ベタなお話ですが、臭さがなかったのは、主人公の永吉(内野聖陽)、おふみ(中谷美紀)夫婦、相州屋夫婦(石橋蓮司・岩下志麻)、悪役に平田屋に中村梅雀を配したキャストが良かったからだと思いました。

特に、永吉と傳蔵という全く違う個性を演じ分けた内野聖陽が光っていました。
個人的には、傳蔵のキャラクターの方が好き。

豆腐屋永吉は理想的すぎるように思いました。
豆腐を作っている姿は、おふみでなくとも、惚れ惚れするいい男ですが。
それに比べて、親とはぐれ裏社会で生きるほかなかった傳蔵、でも、心は美しいまま、人情味溢れる人間性の持ち主に成長していました。
その切ない心情が忍ばれて、最後のどんでん返しがすっきりしたものになりました。

結局、豆腐屋一家にはなんの種明かしもありませんでしたが、お天道様(この場合は観客ですが)はお見通しだ、といわんばかりのラストシーン、良かったと思いました。

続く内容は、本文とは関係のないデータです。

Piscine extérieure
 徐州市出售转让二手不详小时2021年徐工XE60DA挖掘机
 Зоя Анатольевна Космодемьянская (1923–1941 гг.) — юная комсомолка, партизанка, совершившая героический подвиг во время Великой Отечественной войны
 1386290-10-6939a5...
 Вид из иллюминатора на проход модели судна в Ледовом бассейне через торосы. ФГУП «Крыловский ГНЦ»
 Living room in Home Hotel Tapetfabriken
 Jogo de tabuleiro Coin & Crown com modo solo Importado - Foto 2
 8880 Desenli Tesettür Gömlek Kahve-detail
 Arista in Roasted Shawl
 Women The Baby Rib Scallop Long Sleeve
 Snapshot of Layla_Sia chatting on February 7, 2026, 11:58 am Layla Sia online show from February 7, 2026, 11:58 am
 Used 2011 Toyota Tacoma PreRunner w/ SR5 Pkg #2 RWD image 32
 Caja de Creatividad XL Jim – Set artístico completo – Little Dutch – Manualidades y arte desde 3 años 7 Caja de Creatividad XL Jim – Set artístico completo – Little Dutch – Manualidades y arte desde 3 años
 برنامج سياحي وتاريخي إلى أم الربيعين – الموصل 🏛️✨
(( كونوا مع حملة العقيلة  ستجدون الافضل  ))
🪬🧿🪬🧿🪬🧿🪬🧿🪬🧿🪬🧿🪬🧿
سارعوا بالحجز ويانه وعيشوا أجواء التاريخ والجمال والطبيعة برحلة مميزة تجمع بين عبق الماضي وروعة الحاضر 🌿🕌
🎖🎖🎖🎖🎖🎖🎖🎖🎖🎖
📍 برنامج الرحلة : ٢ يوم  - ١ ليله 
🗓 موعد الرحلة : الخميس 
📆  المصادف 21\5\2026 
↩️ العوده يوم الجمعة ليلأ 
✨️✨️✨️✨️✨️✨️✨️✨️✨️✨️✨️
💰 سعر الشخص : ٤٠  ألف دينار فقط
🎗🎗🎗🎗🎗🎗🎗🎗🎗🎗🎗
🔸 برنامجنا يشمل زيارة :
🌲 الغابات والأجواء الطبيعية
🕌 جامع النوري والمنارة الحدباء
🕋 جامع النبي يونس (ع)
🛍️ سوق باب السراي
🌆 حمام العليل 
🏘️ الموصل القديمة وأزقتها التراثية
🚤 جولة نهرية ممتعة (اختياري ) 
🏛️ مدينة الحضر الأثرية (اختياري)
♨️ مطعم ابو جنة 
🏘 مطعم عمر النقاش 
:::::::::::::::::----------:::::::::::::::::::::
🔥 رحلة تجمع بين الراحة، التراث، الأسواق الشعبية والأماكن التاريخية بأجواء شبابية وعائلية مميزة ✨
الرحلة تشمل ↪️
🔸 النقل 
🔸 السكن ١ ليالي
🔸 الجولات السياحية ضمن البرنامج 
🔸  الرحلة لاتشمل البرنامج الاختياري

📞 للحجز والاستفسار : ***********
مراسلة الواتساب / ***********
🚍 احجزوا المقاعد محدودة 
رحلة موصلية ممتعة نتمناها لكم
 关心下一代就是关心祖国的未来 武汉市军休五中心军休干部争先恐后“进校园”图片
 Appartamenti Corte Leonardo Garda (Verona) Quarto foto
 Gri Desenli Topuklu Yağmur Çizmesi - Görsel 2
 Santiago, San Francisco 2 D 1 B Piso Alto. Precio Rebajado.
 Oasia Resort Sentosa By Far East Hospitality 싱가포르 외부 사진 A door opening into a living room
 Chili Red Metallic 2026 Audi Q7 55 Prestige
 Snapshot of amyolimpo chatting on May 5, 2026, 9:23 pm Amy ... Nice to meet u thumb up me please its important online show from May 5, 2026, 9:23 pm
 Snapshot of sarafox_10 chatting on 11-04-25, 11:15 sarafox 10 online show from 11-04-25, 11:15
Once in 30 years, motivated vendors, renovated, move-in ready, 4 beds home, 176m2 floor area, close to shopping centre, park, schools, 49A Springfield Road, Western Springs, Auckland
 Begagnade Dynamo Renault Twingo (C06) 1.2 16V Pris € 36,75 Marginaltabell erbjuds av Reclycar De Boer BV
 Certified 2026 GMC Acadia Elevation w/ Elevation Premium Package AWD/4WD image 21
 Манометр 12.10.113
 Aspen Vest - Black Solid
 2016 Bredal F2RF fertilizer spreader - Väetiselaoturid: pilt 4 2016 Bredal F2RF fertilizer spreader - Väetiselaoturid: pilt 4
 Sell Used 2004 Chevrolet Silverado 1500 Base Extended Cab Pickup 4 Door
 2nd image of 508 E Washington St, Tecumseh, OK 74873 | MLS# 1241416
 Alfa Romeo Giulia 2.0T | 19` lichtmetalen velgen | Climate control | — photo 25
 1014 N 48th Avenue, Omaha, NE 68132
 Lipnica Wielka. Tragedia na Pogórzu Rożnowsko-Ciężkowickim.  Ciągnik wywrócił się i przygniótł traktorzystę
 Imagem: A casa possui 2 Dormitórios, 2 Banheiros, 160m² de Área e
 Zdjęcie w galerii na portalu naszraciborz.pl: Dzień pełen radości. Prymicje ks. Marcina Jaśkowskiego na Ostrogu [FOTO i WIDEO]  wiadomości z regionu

この映画には、現代にも通じる家族の問題が描かれていました。
跡取りと立てて育てた長男を溺愛の果てにだめにしてしまう母親。
それには、自分の不注意で大火傷を負わせてしまったという負い目があったようでした。
子供を信じようとしても、信じきれない母親の弱さ。
水に映った姿は夜叉の姿でした。

でも、この夫婦はずっと揺らぎのない愛情でつながれていて、その絆でなにもかも乗り越えてきた強さもありました。
最愛の夫が死んでもなお、その絆はおふみを強く支えていました。

結局はそれが傳蔵の気持ちを動かし、平田屋を懲らしめる結果につながっていきました。

あまりヒットはしなかったようですが、内野聖陽の陰と陽の演じ分けが見事なので、ぜひ見て欲しい映画です。